With the enactment of Law No. 18 of 2025, the Third Amendment to Law No. 10 of 2009 on Tourism officially came into force.
While it has received limited mainstream attention, this amendment carries significant implications for how tourism is developed, regulated, and financed — particularly in destinations like Bali, where regulatory enforcement and sustainability pressures are intensifying.
At its core, this amendment reflects one clear direction: tourism in Indonesia is moving toward a data-driven, ecosystem-based, and sustainability-oriented model.
Below is what investors, tourism operators, and destination managers need to understand.
1. Tourism Is Now Officially “Ecosystem-Based”
For the first time, Indonesian tourism law mandates that tourism development must be built around tourism ecosystems, not isolated projects.
The law introduces 12 ecosystem elements, covering areas such as:
- Strengthening the tourism industry
- Culture-based tourism
- Digital integration
- Sustainable destination management
- Human resource development
This is not symbolic language. Government planning, budgeting, and policy decisions must now be grounded in research, data analysis, and policy studies, provided by stakeholders such as universities, local governments, and tourism institutions.
Why this matters:
Ad-hoc development, short-term licensing strategies, and speculative tourism models are increasingly out of alignment with national policy. Projects that cannot demonstrate ecosystem alignment will face greater scrutiny — especially at the provincial and regency levels.
2. A National Tourism Data System Is Coming
The amendment also mandates the creation of an integrated national tourism data and information system. This system will track:
- Tourism destinations and attractions
- Strategic tourism areas
- Types of tourism activities
- Tourism businesses and human resources
- Visitor statistics and tourist behavior
For investors and operators, this signals tighter coordination between ministries, regions, and enforcement bodies. Over time, it will become much harder to operate outside formal licensing, zoning, and reporting structures.
3. Destination Management Rules Are Tightening
The law now clearly regulates who can guide tourists in Indonesia.
Key points:
- Destination managers must use certified Indonesian tour guides
- Certified guides must collaborate with local guides
- Foreign tour guides may only operate if accompanied by certified Indonesian guides
This reflects a broader policy objective: local empowerment and protection of domestic tourism labor.
For destination owners, villa operators, resorts, and experience-based tourism businesses, this is not optional. Compliance procedures will need to be built into daily operations.
4. Rights and Obligations: More Responsibility for Businesses
While older prohibitions (such as damaging tourism sites) have been removed as standalone articles, they now reappear as explicit obligations for tourists and citizens.

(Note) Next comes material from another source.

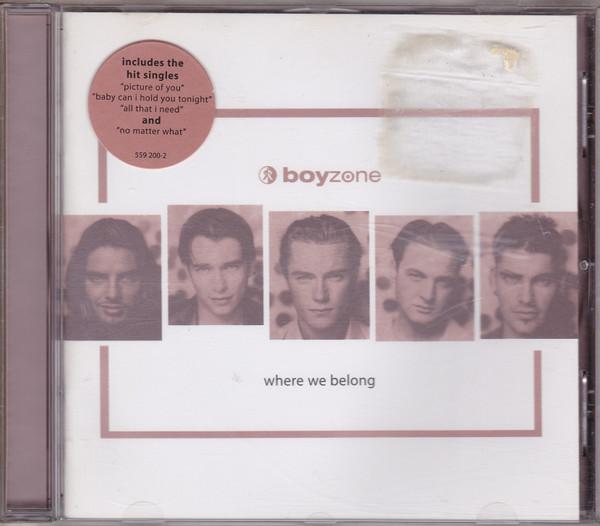 

CD BOYZONE Where We Belong 5592002 POLYDOR 1998 Europe Pop Used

More importantly for operators, tourism businesses are now required to:
- Maintain non-discriminatory services (as before)
- Implement local empowerment initiatives, including community-based programs
This aligns closely with Bali’s regional policies emphasizing community involvement, cultural preservation, and sustainability.

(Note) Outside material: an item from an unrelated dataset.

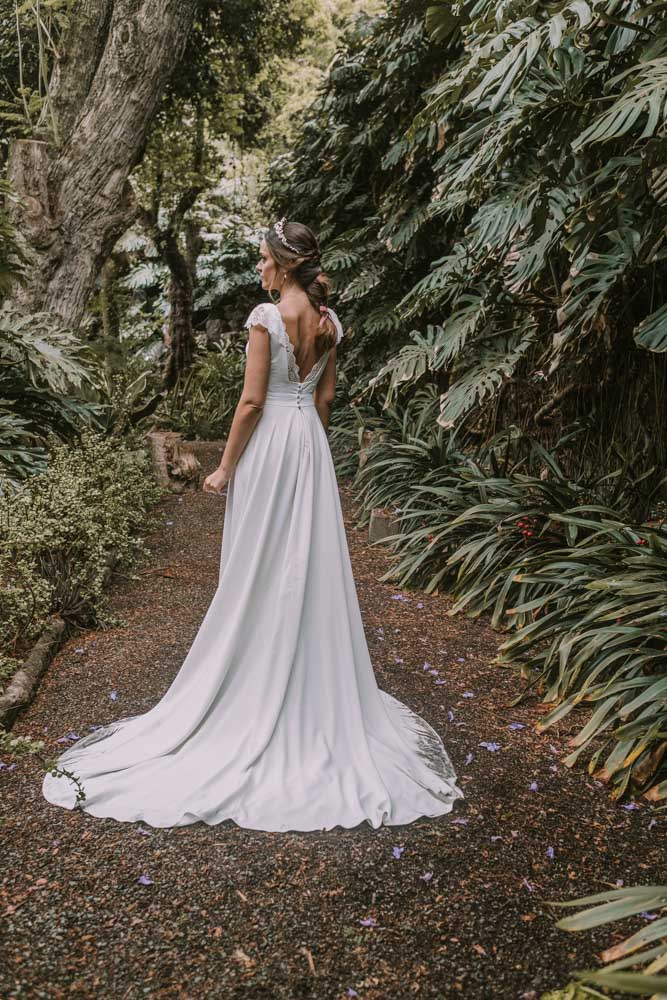 Vestido novia a medida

5. Foreign Tourist Levies Are Now Legal — Details Pending
One of the most closely watched changes is the formal legal basis for foreign tourist levies (pungutan). The law allows the government to collect levies from foreign tourists, with proceeds earmarked for:
- Tourism sector development
- Destination management and sustainability
The technical details — rates, collection mechanisms, and allocation — will be set out in a forthcoming Government Regulation.
Key takeaway:
Operators should anticipate cost implications, but also potential reinvestment into infrastructure, destination quality, and enforcement. This is not a “Bali-only” concept anymore — it is now anchored in national law.
6. Incentives Are Promised — But Still Undefined
The amendment reiterates that tourism businesses may receive:
- Fiscal incentives (tax facilities)
- Non-fiscal incentives (simplified licensing, immigration facilitation, infrastructure support)

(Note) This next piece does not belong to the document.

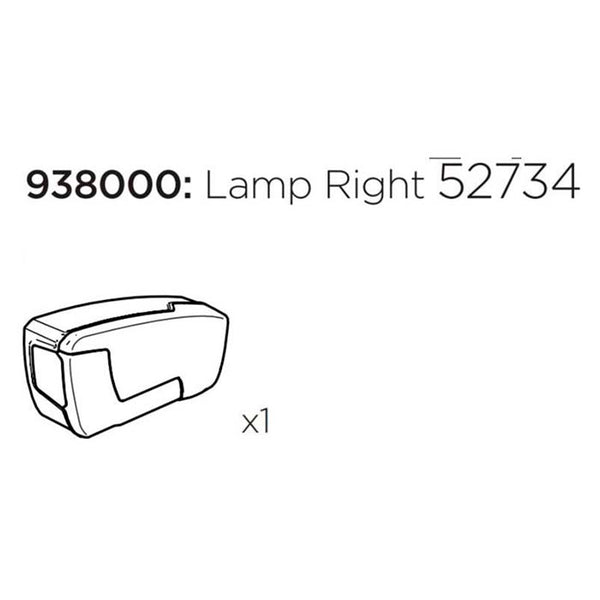 Lygteglas højre til Thule 917/918 - reservedel 52734, Thule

However, as with previous versions of the law, no clear procedures or eligibility criteria are provided yet. This creates a familiar reality in Indonesia: incentives exist in principle, but proactive engagement with regulators is essential to actually access them.
7. Financing Access Has Expanded — With One Notable Omission
The law expands access to tourism financing to include:
- Medium-scale enterprises
- Cooperatives (alongside micro and small businesses)
However, the previous explicit prioritization of small-island tourism development has been removed — a subtle but notable policy shift.
What This Means in Practice
This amendment confirms what we are already seeing on the ground:
- Tourism regulation is becoming more structured and enforceable
- Data, zoning, licensing, and sustainability are now interconnected
- Informal, poorly structured, or non-compliant tourism models face growing risk
- Community integration and local empowerment are no longer optional narratives — they are legal expectations
For investors and operators in Bali and across Indonesia, this is a moment to reassess structure, licensing, and long-term positioning, not just market opportunity.
At Seven Stones Indonesia, we see this amendment as a necessary evolution. Sustainable, compliant, and community-aligned tourism is not a constraint — it is the only viable path forward.